The following is the text of "American Atheist Radio Series" program No. 65, first broadcast on August 25, 1969.


I am finding that the best books which are written on the subjects of religion, diverse religious faiths, and religious leaders, are those produced in European countries, most often Germany. The United States continues to be a backwoods country insofar as facing the issue of religion is concerned. No criticism, or real investigation is permitted, perhaps on the theory that if one religious person is criticized or analyzed — no matter how remote from Christianity — this opens up criticism for any religious person — including Christian leaders.

I have found a three-volume set of Das Leben und die Lehre des Mohammed by a German, Sprenger, and from that I can acquaint you briefly with Mohammed, or Mahomet, tonight.

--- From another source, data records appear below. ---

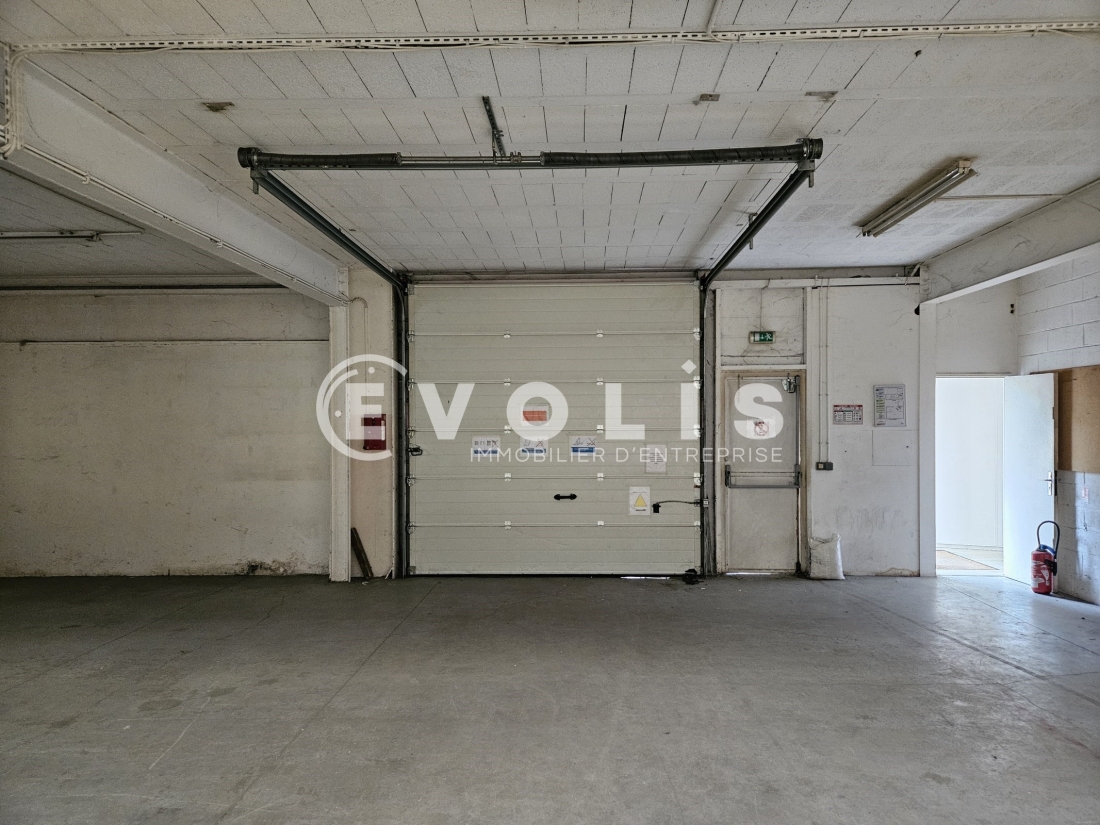 Photo 6 – location Entrepôts / activités	WISSOUS (91320)
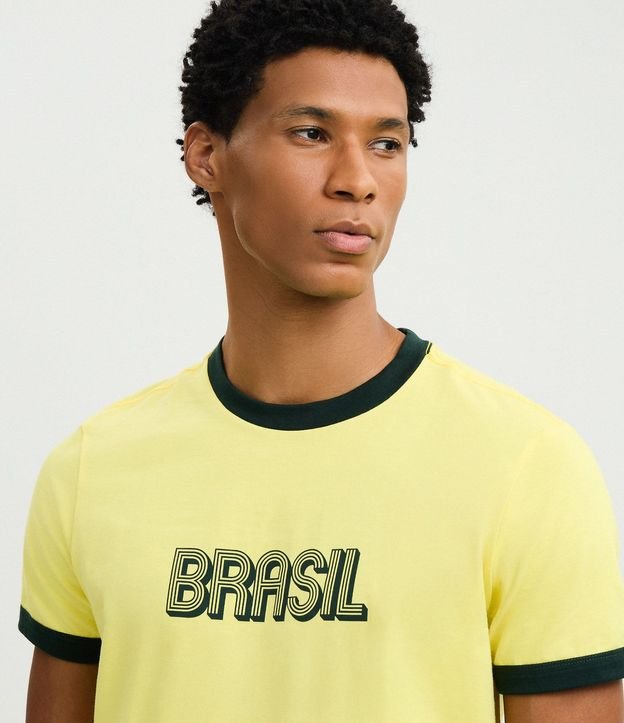 Remera Deportiva Dry con Lettering Brasil y Bies Contrastante 2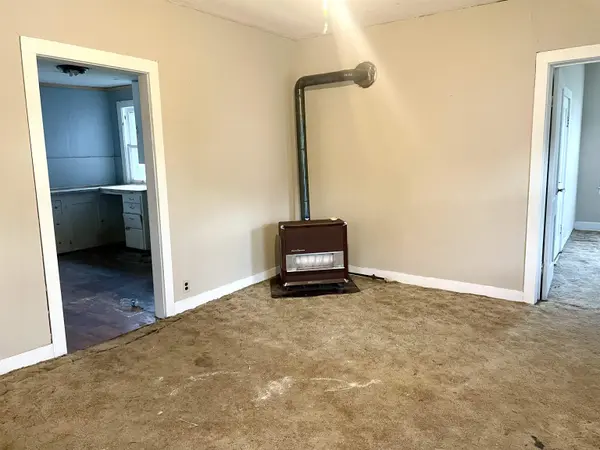 524 S Randall, Moundridge, KS 67107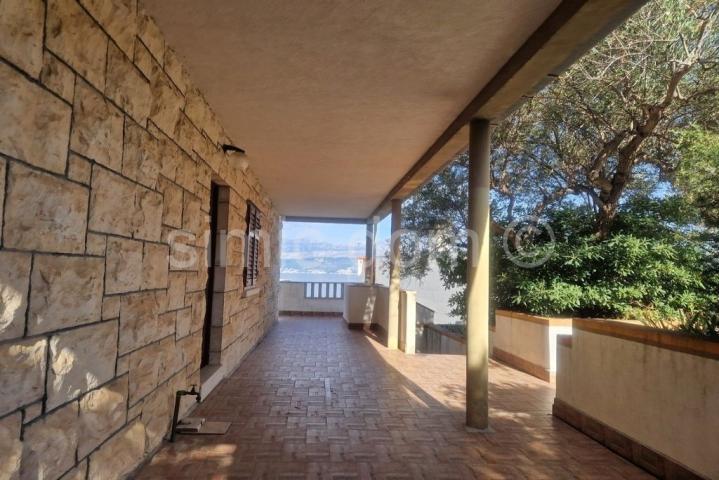 Apartmanska kuća na izvrsnoj lokaciji, Brač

He is the last man who attained the rank of a prophet. Mohammed was the son of Abdullah and Amina, born in Mecca, province of Hagaz (Saudi Arabia), in Asia Minor, in the year 571. His father died before he was born. His mother died when he was six years old. He was then taken charge of by his grandfather, Abd-al-Mottalib, but the grandfather died within two years and when Mohammed was eight he was in the charge then of his uncle, Abu Talib. He was poor and had to work for his living in a very humble occupation. In time, however, he obtained a comfortable employment in the service of a rich widow, named Khadija, who was engaged in business, and whom he served in the capacity of a commercial traveler. He married her in 595 when he was twenty-four years old. She was at the time thirty-nine, about fifteen years his senior. She was evidently a woman of strong character and retained an unbroken hold upon the affection of Mohammed until her death in 619, twenty-four years later. Mohammed later married many wives, of whom Ayish was the most intimate with him, but none of them appears to have exercised so much influence upon his character as Khadija.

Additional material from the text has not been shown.